* _Problem statement_
After locating the line that holds "Furnished 2bdrm Apartment in Masaki for rent", transcribe it and each following line to the end of the records, changing nothing and adding nothing.

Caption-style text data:
▼

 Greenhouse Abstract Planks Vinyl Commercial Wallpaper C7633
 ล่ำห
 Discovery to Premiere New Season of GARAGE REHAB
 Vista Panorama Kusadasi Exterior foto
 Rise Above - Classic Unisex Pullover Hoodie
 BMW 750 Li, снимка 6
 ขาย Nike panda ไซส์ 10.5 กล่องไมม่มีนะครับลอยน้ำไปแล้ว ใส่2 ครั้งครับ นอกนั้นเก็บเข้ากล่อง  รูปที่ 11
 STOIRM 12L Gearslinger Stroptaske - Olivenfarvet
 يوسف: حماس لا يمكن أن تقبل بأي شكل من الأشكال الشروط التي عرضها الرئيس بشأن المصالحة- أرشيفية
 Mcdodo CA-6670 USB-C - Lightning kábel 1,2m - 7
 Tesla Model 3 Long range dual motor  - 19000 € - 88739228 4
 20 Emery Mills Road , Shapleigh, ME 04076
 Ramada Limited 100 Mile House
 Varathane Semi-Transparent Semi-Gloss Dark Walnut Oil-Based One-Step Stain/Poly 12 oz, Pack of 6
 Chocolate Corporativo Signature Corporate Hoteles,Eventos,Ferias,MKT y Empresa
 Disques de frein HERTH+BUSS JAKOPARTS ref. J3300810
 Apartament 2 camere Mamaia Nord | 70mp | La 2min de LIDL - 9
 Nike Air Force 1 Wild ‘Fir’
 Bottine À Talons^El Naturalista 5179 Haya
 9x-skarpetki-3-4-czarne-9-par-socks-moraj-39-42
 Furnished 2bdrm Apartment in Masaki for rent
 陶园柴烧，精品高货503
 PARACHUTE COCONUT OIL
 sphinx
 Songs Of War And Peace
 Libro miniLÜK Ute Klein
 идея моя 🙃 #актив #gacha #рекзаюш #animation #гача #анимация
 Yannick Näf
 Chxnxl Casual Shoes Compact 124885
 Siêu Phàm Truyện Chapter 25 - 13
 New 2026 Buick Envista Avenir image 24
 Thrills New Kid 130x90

▲

* _Response to the task_
 Furnished 2bdrm Apartment in Masaki for rent
 陶园柴烧，精品高货503
 PARACHUTE COCONUT OIL
 sphinx
 Songs Of War And Peace
 Libro miniLÜK Ute Klein
 идея моя 🙃 #актив #gacha #рекзаюш #animation #гача #анимация
 Yannick Näf
 Chxnxl Casual Shoes Compact 124885
 Siêu Phàm Truyện Chapter 25 - 13
 New 2026 Buick Envista Avenir image 24
 Thrills New Kid 130x90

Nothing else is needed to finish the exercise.